The EPA Enforcement Discretion Policy, Three Months Later

Author: Dr. Andy Nunnery, Director of Operations for AquAeTer, Inc.

The EPA Enforcement Discretion Policy, Three Months Later

On March 26, 2020, in light of the COVID-19 pandemic, the United States Environmental Protection Agency (US EPA) issued a memorandum announcing a temporary enforcement discretion policy for regulated entities. The intent of the policy was to both give guidance to those regulated entities during a time of unprecedented uncertainty and provide relief to EPA staff to allow them to “focus on continued protection of human health and the environment.” The policy was applied retroactively beginning on March 13, 2020. This policy is unique in recent EPA history, as previous discretionary measures regarding force majeure, or “act of god,” were taken on a case-by-case basis. The policy has no scheduled expiration date, but will instead be evaluated regularly and lifted when the EPA deems it appropriate.

What prompted the policy and what activities does it affect?
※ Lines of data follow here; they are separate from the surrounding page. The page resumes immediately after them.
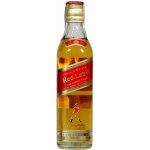 Johnnie Walker Red Label 43% 0,35 l (holá láhev) – Hledejceny.cz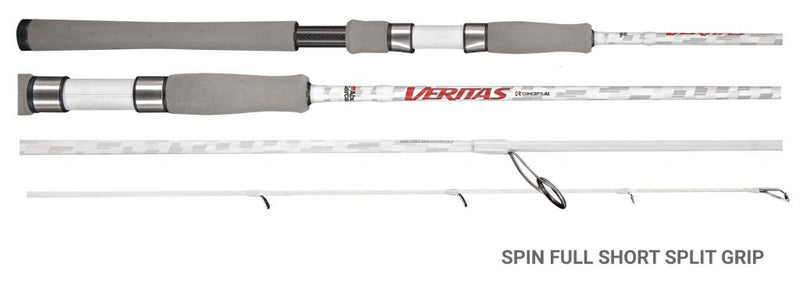 Abu Garcia Veritas VRT4-S Rod 732H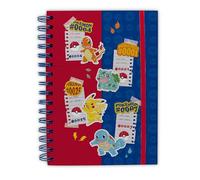 Pokémon A5 Notebook Blue & Red Partners by ABYstyle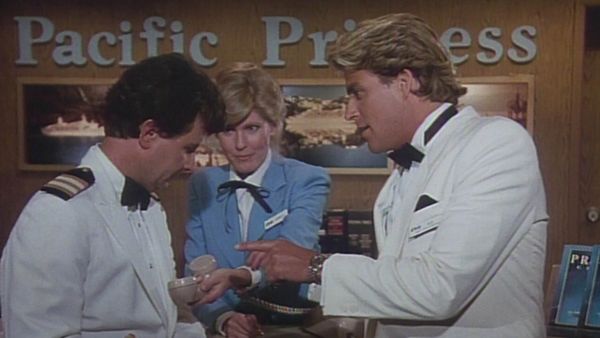 The Love Boat - Ladies Only Cruise: The Crew's Cruise Director, What A Drag!, Doc's Slump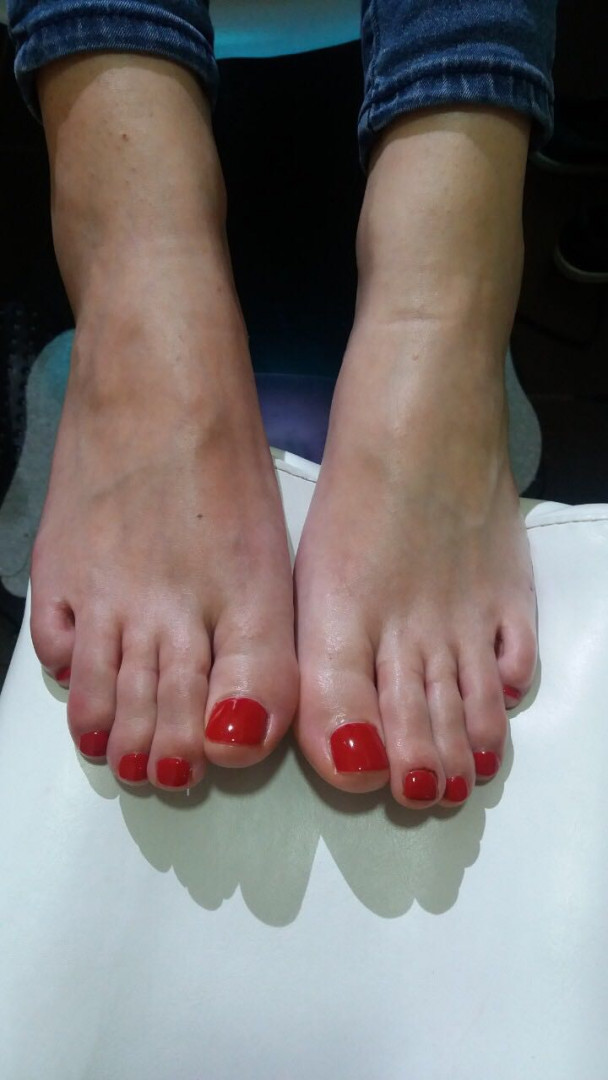 Magdalena 11 #beograd Estetski pedikir SPA Estetski pedikir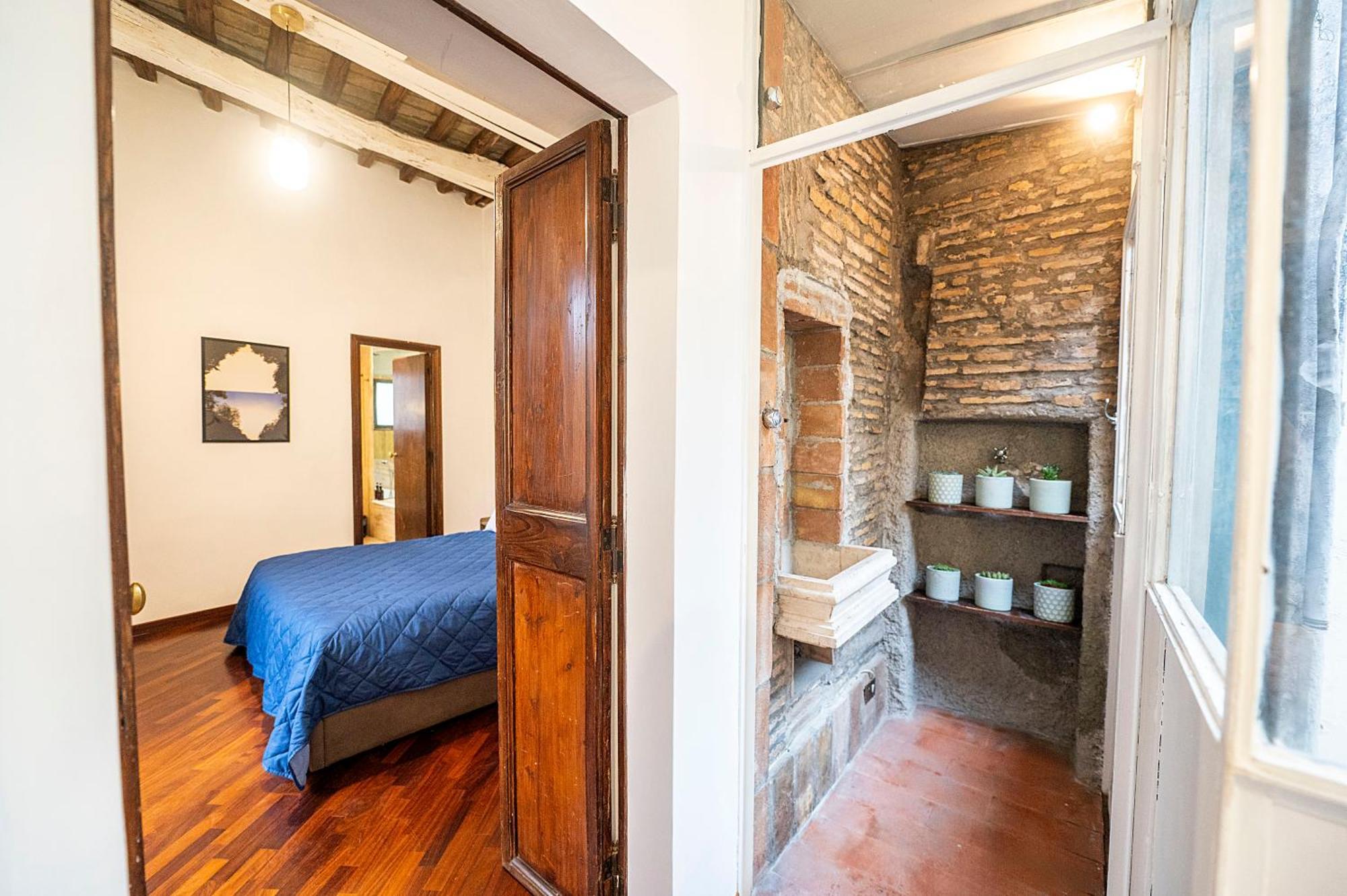 Pantheon Terrace 2 Bedroom Rom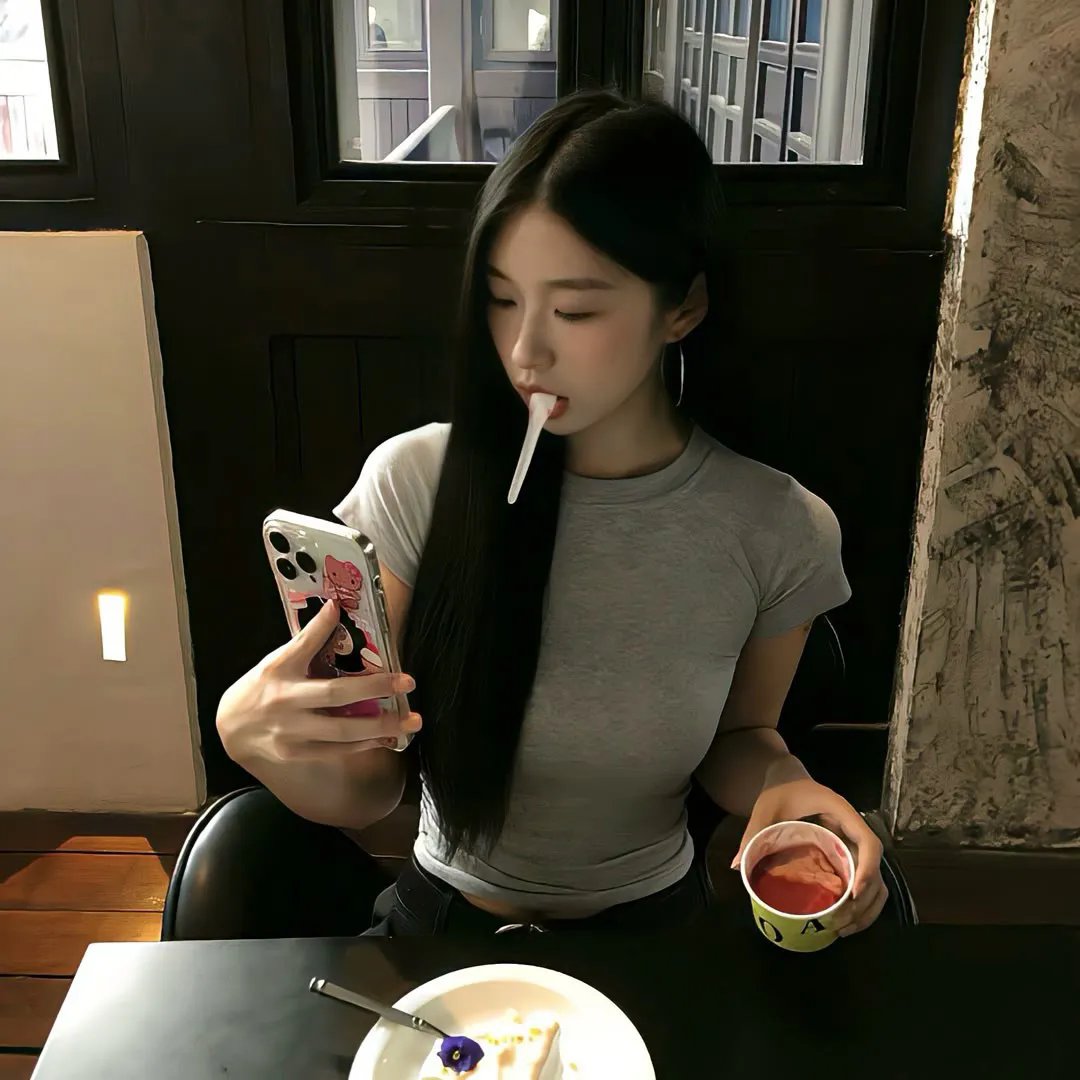 日落在霓虹灯
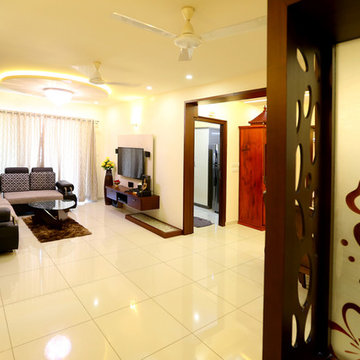 Individual house in Mangalore..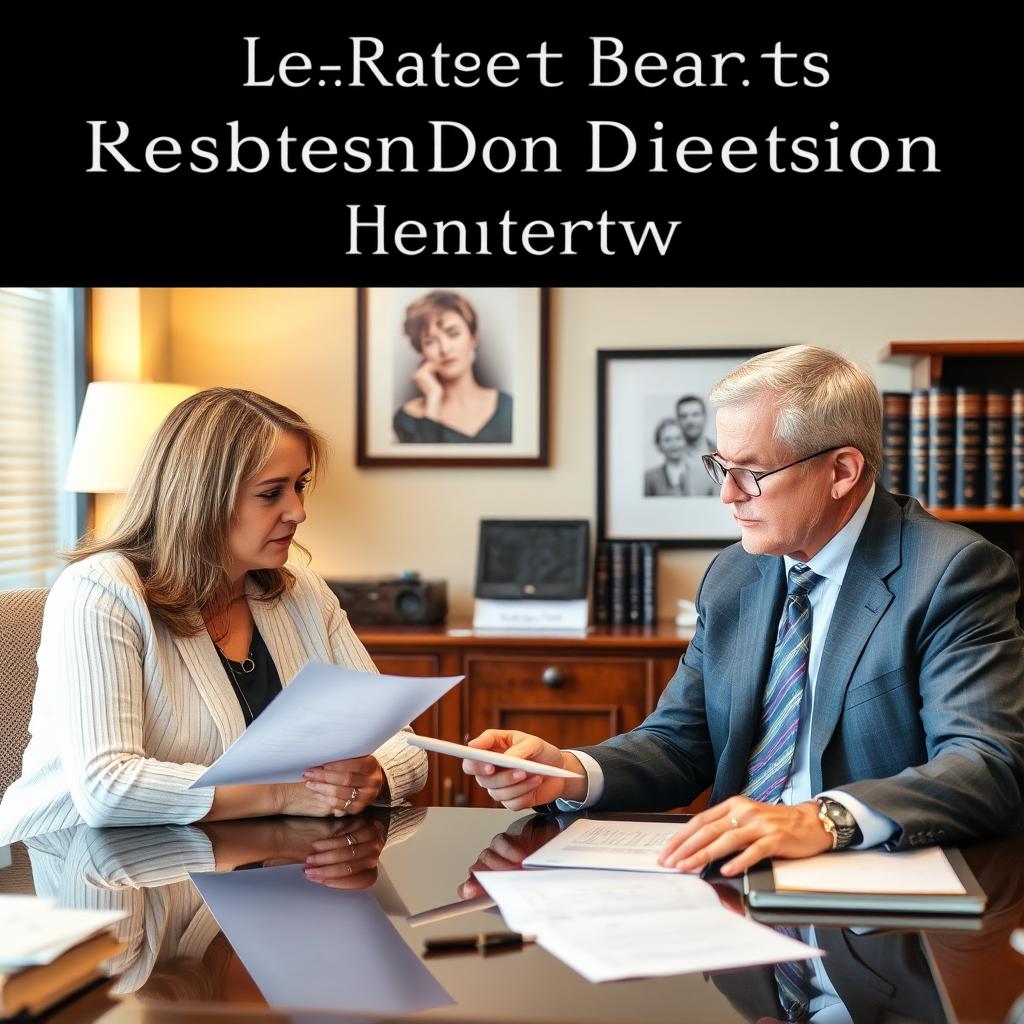 Real Estate Division Lawyer Rockingham County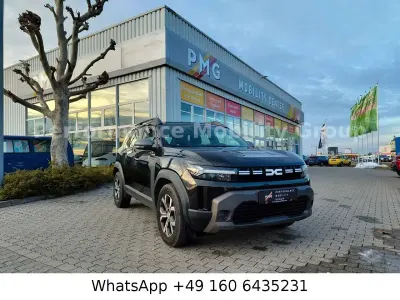 Brugt Dacia Duster Expression 131 HK (96 kW) 2025 Sort SUV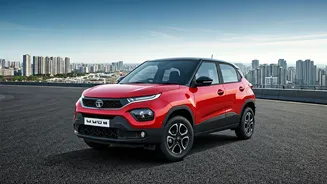 Tata Punch Facelift: A Comprehensive Overview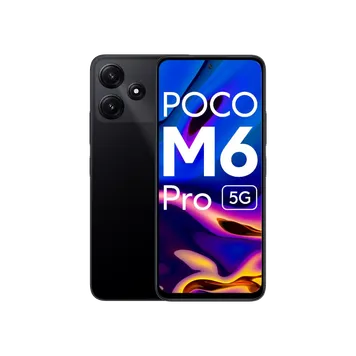 Poco M6 Pro 5G Back Cover Collection Banner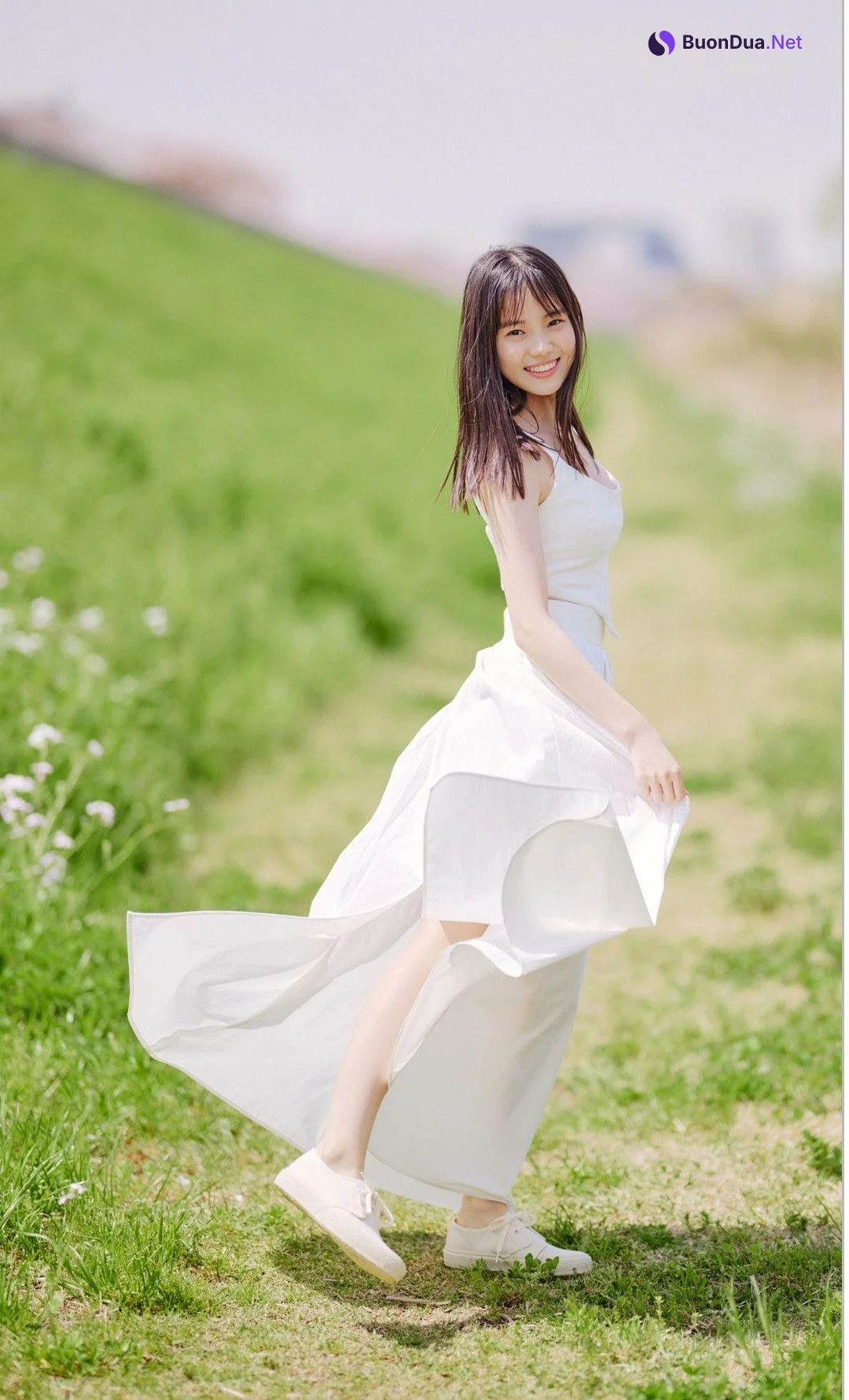 Kohaku Shida 志田こはく, 週プレ Photo Book 「少女と大人の狭間で」 Set.02 - Photo 2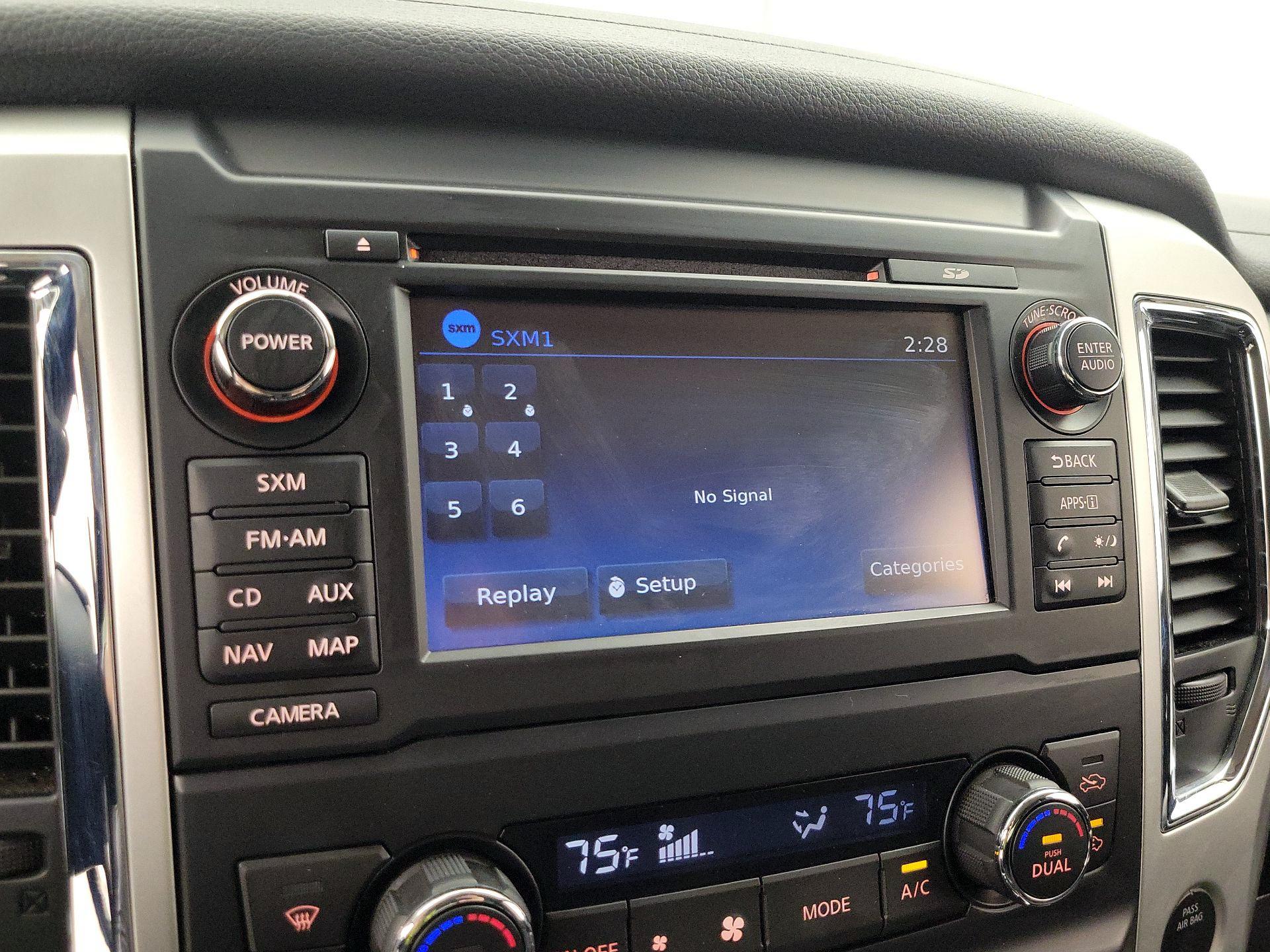 Thumbnail: 2018 Nissan Titan - 16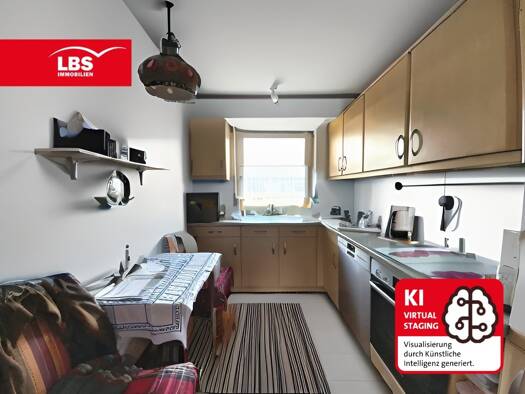 Wohnung zum Kauf 299.000 € 4 Zimmer 105 m² frei ab sofort Neustadt 23730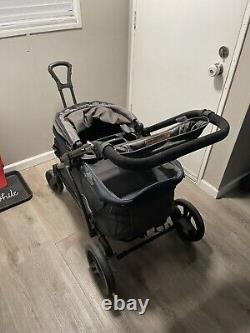 Baby Trend Expedition 2-in-1 Stroller Ultra Black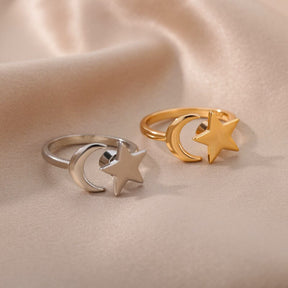 Bague Anti-Stress, d'Anxiété - Luna®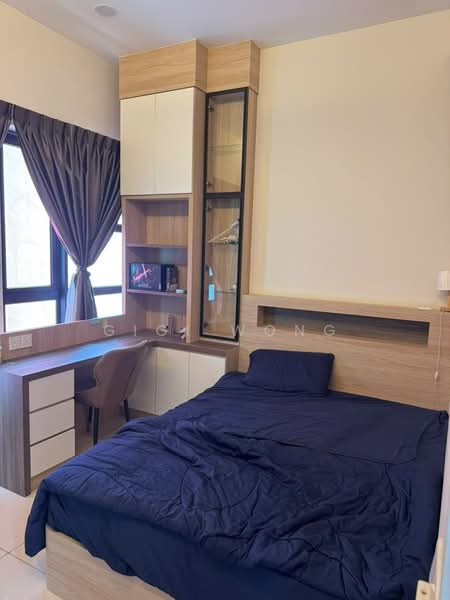 Servis Apartment untuk Disewa di Ong Kim Wee Residence - Gigi Wong - PropertyGuru.com.my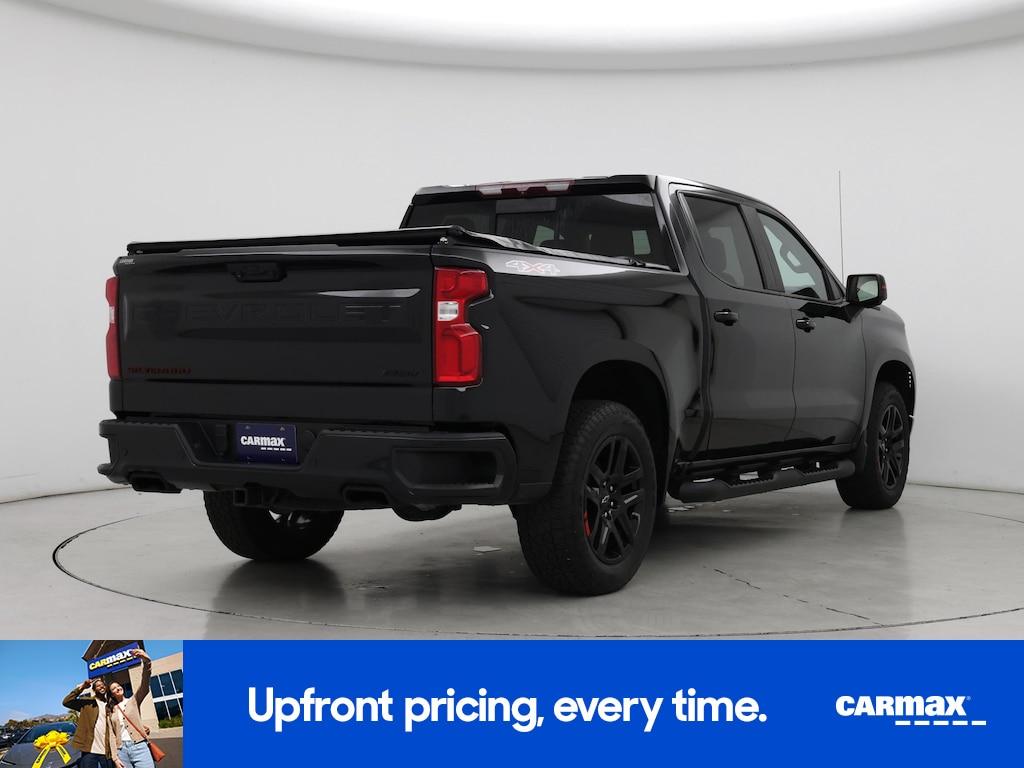 used 2022 Chevrolet Silverado 1500 car, priced at $45,998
The announcement came at a time when private companies and local and state governments were beginning to issue restrictions on non-essential business and travel, and various industry groups were voicing their concerns that these increased restrictions could interfere with regularly scheduled environmental compliance activities. The areas that are primarily affected by the policy include air emissions, water discharges, hazardous waste management, and drinking water safety. Affected activities may include, but are not limited to, routine compliance monitoring, integrity testing, sampling, training, and reporting and/or certification.

Reaction and Response

On March 30, following a fair amount of backlash from various environmental groups and states arguing that the EPA had abdicated their responsibilities, the EPA released a statement defending the policy. The statement attempted to clarify that the temporary policy does not provide a “blanket waiver” of environmental responsibilities, offering the following explanation:

“The policy says that EPA will not seek penalties for noncompliance with routine monitoring and reporting requirements, if, on a case-by-case basis, EPA agrees that such noncompliance was caused by the COVID-19 pandemic.”

The policy essentially instructs regulated entities that they are still required to maintain environmental compliance with regards to all of their responsibilities (e.g., permits, agreements, orders, etc.) but informs stakeholders that, in the event of noncompliance, penalties will not be enforced so long as the entity can prove that the lapse in compliance was due to complications related to the COVID-19 pandemic, and that there is no mens rea (criminal intent).

Noncompliance Due to COVID-19

What exactly constitutes noncompliance caused by the pandemic is vaguely outlined in both the policy and the March 30 news release, but can include effects on compliance due to worker shortages, travel restrictions, social distancing restrictions, availability of key staff and contractors, and ability of labs to accept and analyze samples in a timely manner. It is noted that this policy does not apply to Superfund and RCRA sites, as those facilities will be addressed by a separate policy. The policy also does not apply to imports, and specifically calls out “pesticide products entering, the United States, or produced, manufactured, distributed in the United States, that claim to address COVID-19 impacts.”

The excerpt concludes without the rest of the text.